Voir aussi les brèves de janvier 2006



Microsoft menacé d’astreintes : le ton monte entre la Commission européenne et Microsoft. On se souvient que la société a été sanctionnée par la Commission pour abus de position dominante, sanction confirmée par le Tribunal de Première Instance devant lequel Microsoft avait fait appel de la décision de la Commission.  Or selon la  Commissaire chargée de la Concurrence, Neelie Kroes, Microsoft n’en a pas tenu compte : « J’ai laissé à Microsoft plusieurs chances de se mettre en conformité avec ses obligations. Malheureusement, après plus d’un an d’échanges informels avec l’entreprise, il ne me restait plus d’autre option que d’engager une procédure formelle », a déclaré Mme Kroes, le 22/12/2005. Cette procédure peut conduire la Commission à imposer à Microsoft les astreintes (c’est-à-dire des pénalités financières par jour d’infraction) qu’elle a définies dans une décision du  10/11/2005 soit jusqu’à 2 millions d’euros par jour. sur ce site, voir les articles consacrés à l'affaire Microsoft:

-Le bogue de Microsoft face à la Commission européenne

-Suite des déboires de Microsoft

Recyclage des déchets : dans le cadre du sixième programme d’action européen pour l’environnement qui couvre la période 2002-2012,  la Commission européenne a présenté, le 21/12/2005, une nouvelle stratégie destinée à  promouvoir la prévention et le recyclage des déchets. Acruellement, la production de déchets dans l’Union européenne est évaluée à plus de 1,3 milliard de tonnes par an. Elle augmente à un rythme comparable à celui de la croissance économique : le PIB comme les déchets municipaux ont augmenté de 19 % entre 1995 et 2003. Il en résulte que la mise en décharge ne diminue que lentement, alors que c’est le moyen le moins écologique de se défaire des déchets.La Commission prévoit dans sa stratégie de réviser les textes communautaires en vigueur (directive-cadre sur les déchets de 1975) afin notamment de mettre l’accent sur la prévention des déchets par la mise en place de programmes contraignants, et de promouvoir les activités de recyclage.

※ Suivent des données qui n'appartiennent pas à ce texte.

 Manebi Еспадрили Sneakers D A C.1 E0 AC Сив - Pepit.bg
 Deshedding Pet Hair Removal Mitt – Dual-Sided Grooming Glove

Régulation de l’immigration économique : le Conseil avait demandé à la Commission européenne de présenter avant la fin 2005 «un programme d'action relatif à l'immigration légale, comprenant des procédures d'admission qui permettent au marché du travail de réagir rapidement à une demande de main-d'oeuvre étrangère en constante mutation». Le programme d'action relatif à l'immigration légale rendu public le 21/12/2005 répond à cette demande en présentant les initiatives législatives futures destinées à réglementer les conditions d'entrée et de séjour des ressortissants de pays tiers venus travailler dans l’Union  et à favoriser leur intégration, l’accent étant mis par le programme sur l’immigration économique. La législation communautaire comprendrait une directive cadre générale qui définira les droits fondamentaux de l'ensemble des travailleurs migrants admis dans l'Union et quatre directives spécifiques sur les conditions d'entrée et de séjour de certaines catégories d'immigrants (travailleurs hautement qualifiés et travailleurs saisonniers, personnes transférées au sein de leur entreprise et stagiaires rémunérés).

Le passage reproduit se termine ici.